Cities, engines of innovation

says Edward Glaeser. Another version which may need subscription is in Scientific American. Paul Romer has been talking about charter cities. He recently ties it up with Pritchett criteria discussed here by Tyler Cowen. Romer's post Urbanization passes the Pritchett Test actually muddies the issues, I think. He first belittles micro-initiatives:
"In a characteristically incisive blog post, Lant expresses skepticism about the value of micro-initiatives that are being tried as strategies for encouraging economic development because they are easy to evaluate rather than because experience suggests that they have worked at a scale that is comparable to the problem that policy should address.
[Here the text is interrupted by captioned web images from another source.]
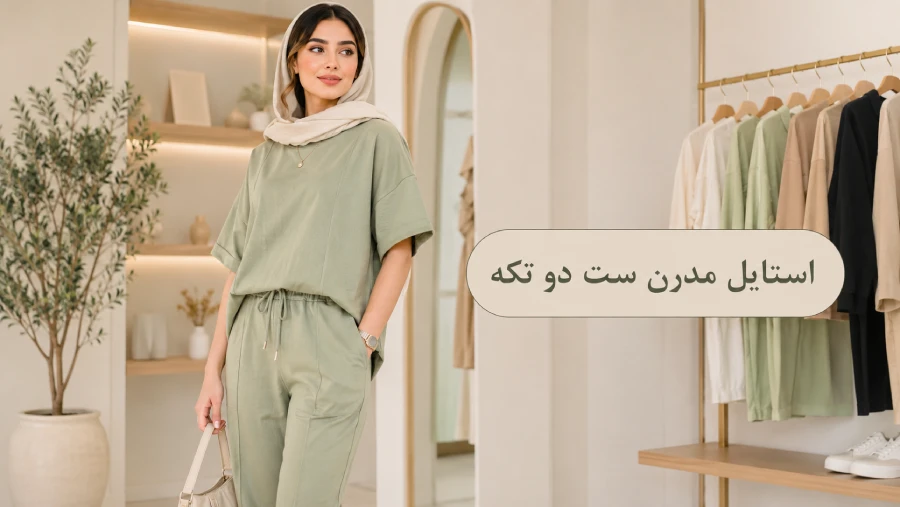 ست‌های دو تکه زنانه را چطور مدرن‌تر استایل کنیم؟ | رینبو شاپ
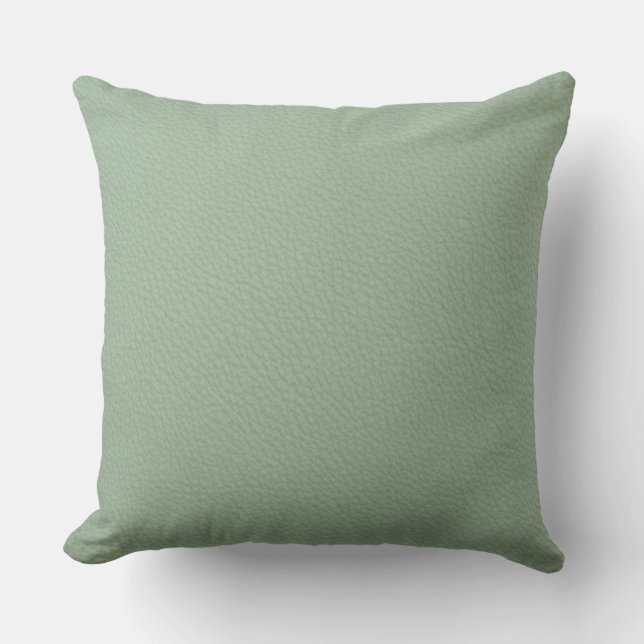 Coussin d'impression en cuir bleu turquoise (Recto)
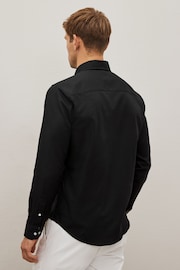 Black Regular Fit Easy Iron Button Down Oxford Shirt - Image 2 of 9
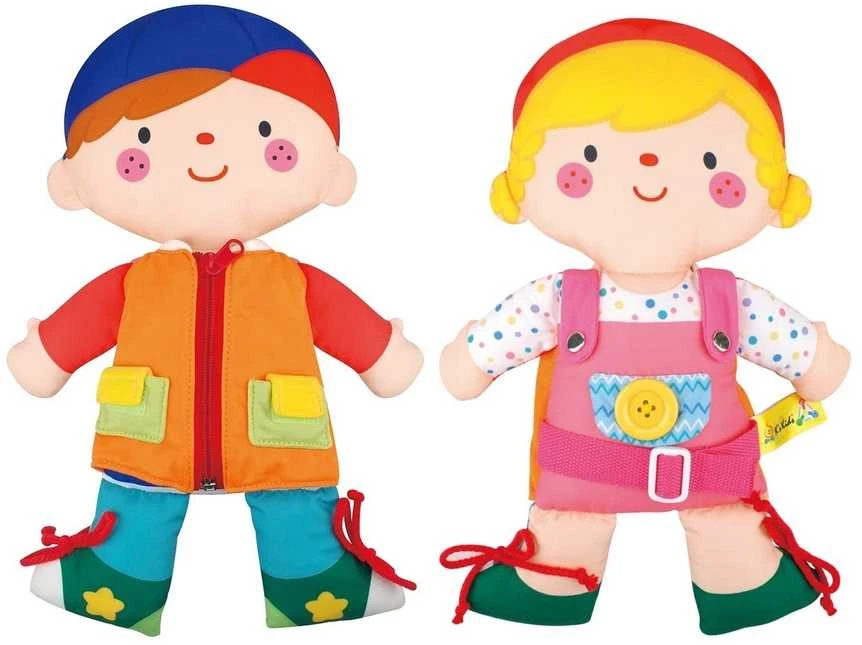 K´s KIDS Lėlytė du viename „Wayne & Julia“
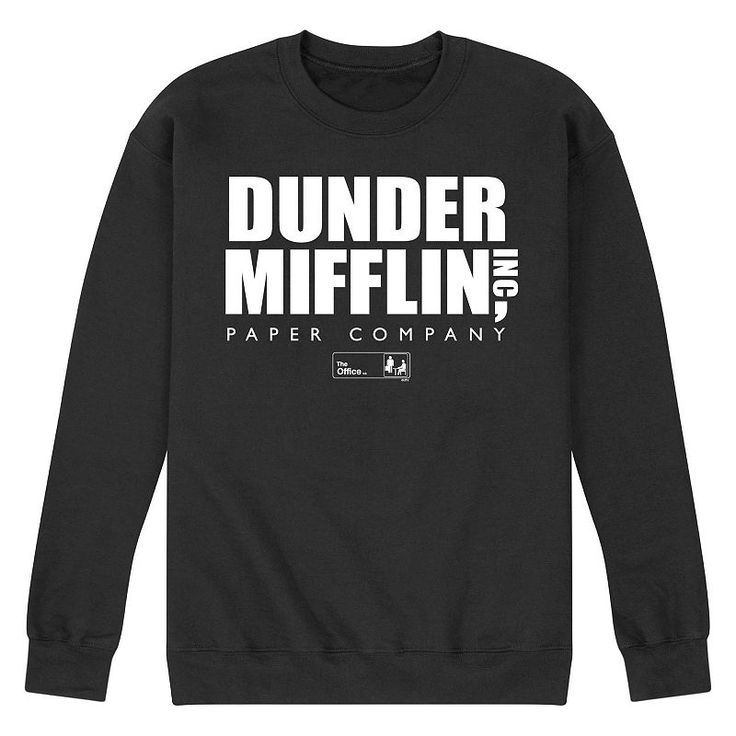 The Office fans will want this men's graphic sweatshirt. The Office fans will want this men's graphic sweatshirt. FEATURES Crewneck Long sleevesFABRIC & CARE Cotton, polyester Machine wash Imported Size: L. Color: Black. Gender: male. Age Group: adult. Office Fan, Dunder Mifflin, Sweatshirt Fabric, Logo Sweatshirt, Graphic Crewneck Sweatshirt, Graphic Crewneck, The Office, Fabric Care, Age Group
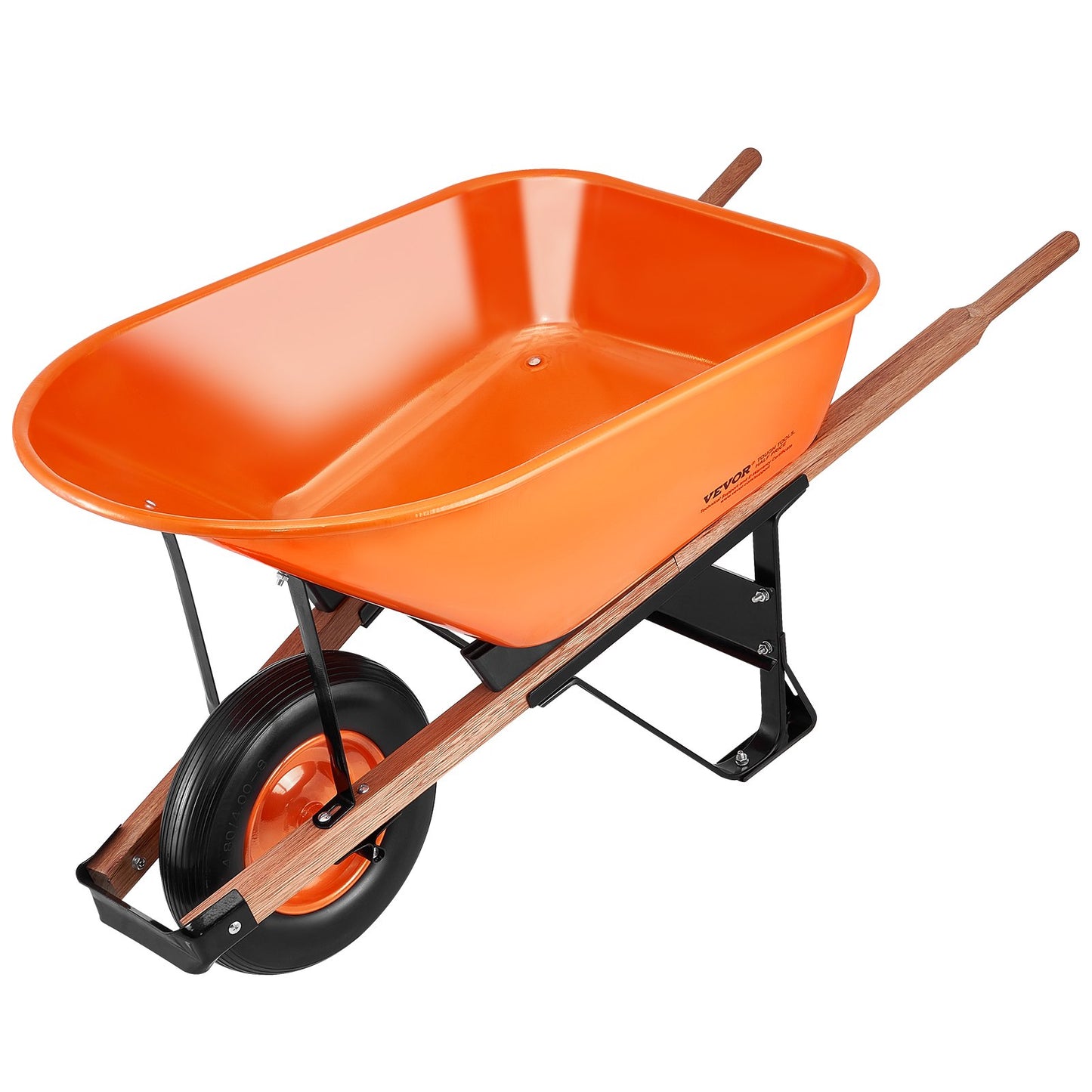 Skottkärra Cart One Wheel 6 Cu Ft Garden Dump Cart 330 lbs Utility Cart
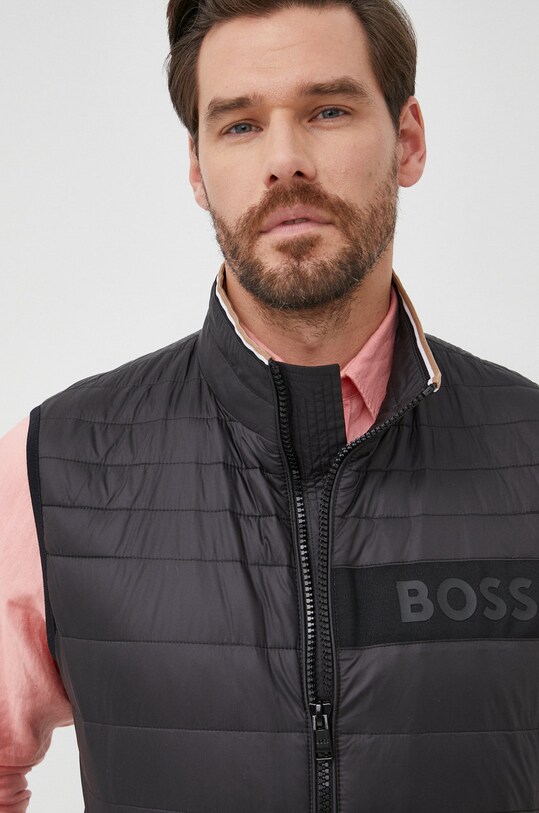 BOSS bezrękawnik 50464300 czarny 50464300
He recalls his experience as a member of a team with members from many developed countries that was evaluating a program in India that financed women’s self-help groups. A woman from West Bengal who had answered their questions said to the team, “You all are from countries that are much richer and doing much better than our country so your country’s women’s self-help groups must also be much better, tell us how women’s self-help groups work in your country.” Quoting now from Lant’s account:
We all looked at each other blankly as none of us had any idea whether there even were at any time in our countries’ history such a thing as “women’s self-help groups” … (much less government program for promoting them). We also had no idea how to explain that, yes, all of our countries are now developed but no, all of our countries did this without a major role from women’s self-help groups at any time (or if there were a role we development experts were collectively ignorant of it), but yes, women’s self-help groups promote development.'
There are many criticisms of this in the comments of the discussion in Economist's View . From my comment there: "In "The causes of progress" by Todd: There are two maps of Europe on pages 32-33; the first about countries with national product per capita exceeding $10,000 in 1979 and age at marriage of women over 27 around 1840.The two are essentially identical.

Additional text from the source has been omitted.